Cecil, Frederick, and Harford counties currently have 287(g) agreements with ICE in Maryland. Current agreements allow the agency to train and authorize specific police officers at local detention centers to act as ICE agents, and question peoples’ immigration status and begin the deportation process.

Currently, DHS only negotiates “jail agreements,” which allow local police to act like federal immigration agents within local jails. This results in local police questioning individuals in these jails about their immigration status, preparing documents to charge them for immigration violations, and ordering the continued detention of persons thought to be subject to deportation. However, too often  in practice local police illegally act as ICE agents outside of jails, too.

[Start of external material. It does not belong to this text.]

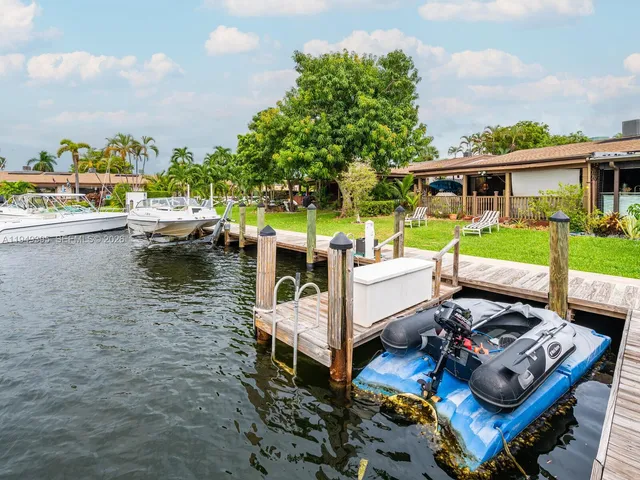 $950,000 | 429 Leslie Drive, Unit 429, Hallandale Beach, FL 33009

The sheriffs in these three counties claim that the program is for public safety, but that is a myth. This program not only instills fear within immigrant communities, but it alienates and racially discriminates them. The people arrested and processed through the 287(g) program are overwhelmingly nonviolent, and are pretextually arrested for traffic offenses so they can be questioned about their immigration status at the jail, have immigration proceedings initiated against them, and then deported.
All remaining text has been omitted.